But alcohol plays strange tricks. It affects manners and memories. It affects, too, the imagination. Annandale was drunk. The Yellow Fay that lurks in liquor awoke in him the manger dog. He told himself that he was being robbed. And of what? The wife of his bosom! And by whom? His nearest friend! The outrage and the villainy of that loomed, or rather, the Yellow Fay aiding, seemed to loom so monstrously, that, beside it, the disasters of the Street dwindled into nothing, lost in the sense of this wrong.

It was damnable, he decided.

Putting a hand in a pocket his fingers encountered a string of pearls. It was not that which he was seeking. Besides, he had forgotten them. But finding them there it occurred to him that he ought to restore them at once. Circling the park he entered Irving Place and rang at Sylvia's door.

There, instead of the usual if brief delay, the door opened at once. Orr was coming out. Beyond in the hall Sylvia stood. Orr looked at Annandale, wondering what the dickens he was after. But Annandale brushed by. Orr passed on. Annandale entered the hall.

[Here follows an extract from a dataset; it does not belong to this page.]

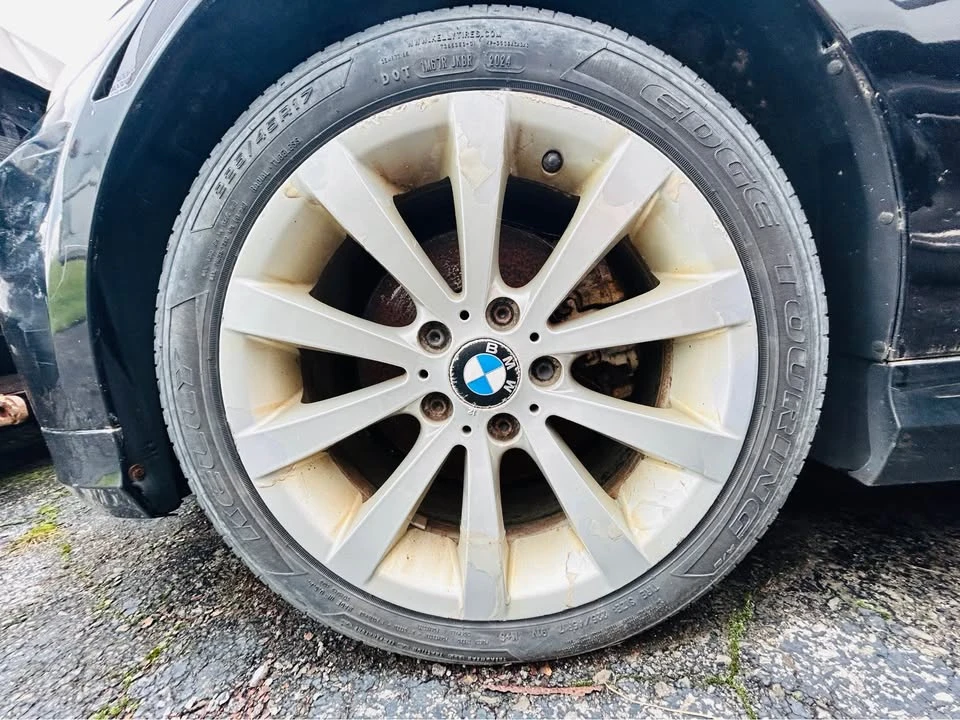 2011 BMW E90 3 Series Sedan - Image 8 of 18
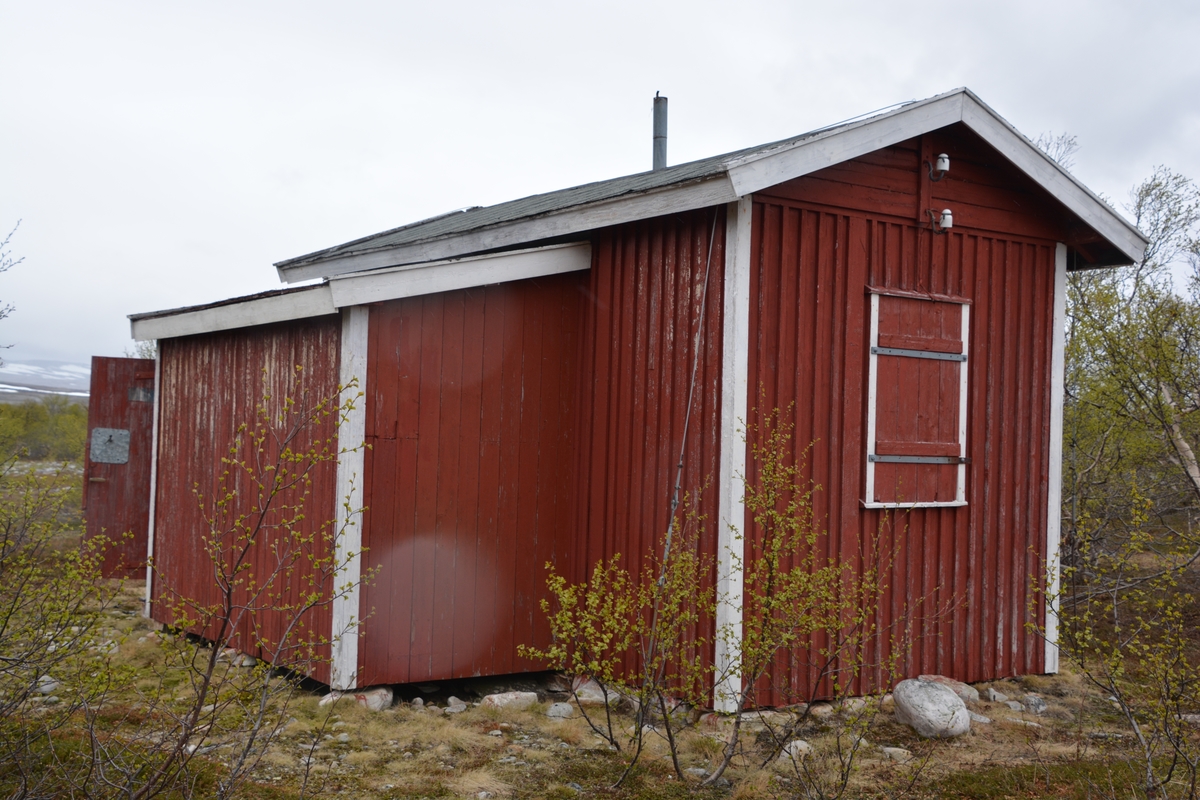 Svanebekkstua er en av de få oppsynshytter som er bevart i noenlunde original stand. Den ligger i et område på vidda som er brukt som samisk slakteplass. Linjekursen har opprinnelig gått forbi Svanebekkstua, men er delvis fjernet.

As the door closed the light revealed to Sylvia what Orr in the semi-obscurity of the stoop had not observed and which, had he observed, would, in view of an anterior episode, have induced his return.

But Sylvia saw. In face and manner his excitement was obvious. Mindful of that episode she feared that he was again in his cups. Yet immediately, though for a moment, a question which he asked reassured her. She understood, or thought she did, why he had come.

"Did you know that you had lost your pearls?"

Instinctively the girl's hand went to her throat.

"Here they are. They were found somewhere. In the hall, I think."

"Thank you, Arthur. This is very good of you. But tomorrow would have done."